Here is a classic example from the Prophet Micah 6:6–8:
With what shall I come before YHVH and bow down before the exalted God?
Shall I come before YHVH with burnt offerings, with calves a year old?
Will YHVH be pleased with thousands of rams, with ten thousand rivers of olive oil? Shall I offer my firstborn for my transgression, the fruit of my body for the sin of my soul? No, YHVH has shown you, O mortal, what is good and what YHVH requires of you: To act justly and to love mercy and to walk humbly with your God.
The rabbis inherited this tradition from the prophets, and they codified it into Jewish law: sacrifice, prayer and all forms of worship have no value unless the heart is directed towards heaven. The outer performance of rituals must be approached as actions that awaken the inner self.
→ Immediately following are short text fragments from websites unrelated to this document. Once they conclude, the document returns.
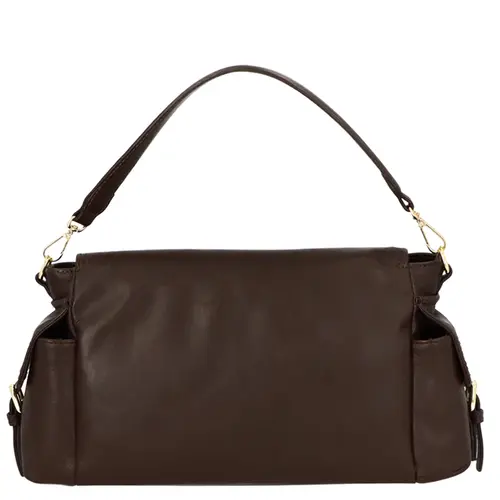 BOLSA GRANDE LUIZA BARCELOS MARROM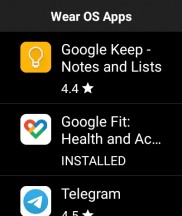 Play store on Wear OS - Oppo Watch review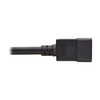 Tripp Lite P035-006 power cable Black 1.83 m C20 coupler C21 coupler 37332275004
Addressing this week’s Torah portion, the rabbis express this imperative by choosing the words of Jeremiah (cited at the top of this essay) as the Haftarah. They even have the audacity to patch together two separate passages from Jeremiah: 7:21–8:3 and 9:22–23. They were clearly willing to reshuffle passages from the Bible in order to strengthen their own interpretation. Speaking in the sixth century BCE, Jeremiah makes the rhetorical point that when the Children of Israel first heard God speak at Mount Sinai, there was no mention of sacrifices. The first words they heard at the holy mountain were to obey YHVH, to honor Shabbat, to not steal or murder or lie or covet. Only later do they receive the instructions regarding sacrifices, thus indicating their lesser importance in the hierarchy of God’s desires for us.
The rabbis are determined to remind us that as we immerse ourselves in Leviticus — the book of the Torah that is preoccupied with the details of ritual performance — we not forget the true purpose of these rituals. God wants something much more difficult and much more exalting from us: to ignite, to tend and to offer to the world our inner fire of righteousness, kindness and awe. And so, they conclude the Haftarah with these inspiring words from Jeremiah 9:22–23:
Thus says YHVH, Life Unfolding: Let not the wise glory in their wisdom, let not the mighty glory in their might, let not the rich glory in their riches; Rather let them who glory, glory in this; that they understand and know Me, that I, YHVH, practice kindness, justice, and righteousness on the earth; it is in these things that I delight, says YHVH.